American Conservatism According to Trump:

1. You will stand with hand on heart to recite the Oath of Allegiance every day.

2. You will repeat: ‘God bless America, land of the free where all is for the best in the best of all possible worlds’ every time you see my face or hear my name. (Although he won’t realise that Voltaire was joking.)

3 You will revere the insanely rich as demi-gods, for they are the descendants of the Founding Fathers and represent the spirit of America.

4. You will do as you are told at all times by men of wealth who wear the badge of status conferred by me.

5. Women will be treated as objects of play to suit your pleasure, for that is their purpose in life. You will only take them seriously if they are young, pretty, and reading from an autocue words written by me or which have my approbation.

6. You will have no truck with dictionaries. However I define ‘terrorism’ or ‘anti-Semitism’ shall be the new truth.

7. You will develop the habit of somnambulance at all times and remain quiet except to roar angrily at my enemies.
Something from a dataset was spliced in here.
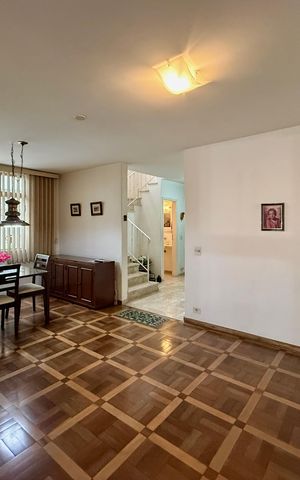 Casa para alugar com 267m², 4 quartos e 5 vagas Casa para alugar com 267m², 4 quartos e 5 vagasSala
I didn’t make this up, you know. This is what I’ve heard Americans with brains say about America.

Thursday, 22 May 2025

Hypocrites or Specimens?

Two items on the BBC News website caught my attention this morning. The first was the shooting of the Jewish couple in Washington DC, and the second was the ‘meeting’ between Trump and Cyril Ramaphosa in the Oval Office. What most caught my eye were the words attributed to Netanyahu regarding the first incident, and those of Trump in the course of the second. The level of gross hypocrisy was staggering even by the sad standards of senior politicians generally, and I wondered yet again why, since there are so many good people on this planet, we allow our sacred space to be so hideously polluted by men such as these.
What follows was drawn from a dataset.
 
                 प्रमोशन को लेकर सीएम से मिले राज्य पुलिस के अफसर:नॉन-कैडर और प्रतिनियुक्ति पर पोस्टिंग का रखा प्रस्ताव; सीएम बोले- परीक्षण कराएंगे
(Although I think it likely that conspiracy theories will soon start circulating around the murder off the Jewish couple.)
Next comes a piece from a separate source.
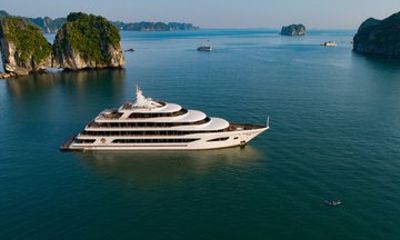 Halong Bay Luxury Overnight Cruise on Scarlet Pearl from Hanoi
My first thought on entering Sainsbury’s to do my grocery shop yesterday was for the people of Gaza, especially the children who haven’t yet been slaughtered by Netanyahu.

*  *  *

You know, I was watching a magpie pecking at something on a fallen tree branch this morning, and as I wondered what was attracting its attention I had a deep inner sensation that I’m no longer connected to this world. If only I could hold on to that feeling, maybe I could start being merely observant of the dark creatures instead of being angered by them. Seems I have a way to go yet.

Wednesday, 21 May 2025

Things I Don't Understand.

I don’t understand why a charity shop on Ashbourne has a sign on the door saying ‘No Dogs.’ It’s why I rarely visit that one on principle.

I don’t understand why the human race regards sex so highly. I’ve reached the point in life where I now realise it’s boringly trivial and rather messy. (I didn’t used to see it that way, and I gather that neither do certain religious traditions.) Maybe my new focus in life should be to consort only with virgins.

I don’t understand how Netanyahu can commit genocide willy-nilly and get away with it.

I thought of another one earlier, but I’ve forgotten what it was.

*  *  *

I encountered Ms Medeea, my ex-dentist, in Ashbourne today. It seems she hasn’t gone back to Romania after all. She omitted to say whether she lives in a castle and engages in nocturnal, ne’er-do-welling practices guarded by a troop of gypsies and a pack of wolves, but it was good to see her. (Readers of longstanding will remember that she’s one of my heroes.)

Tuesday, 20 May 2025

An Unrealistic Suggestion.

I find myself asking why the US – preferably in conjunction with European partners – doesn’t have the balls to organise a massive airdrop of food supplies into Gaza, thereby challenging the Israeli armed forces to try to stop them.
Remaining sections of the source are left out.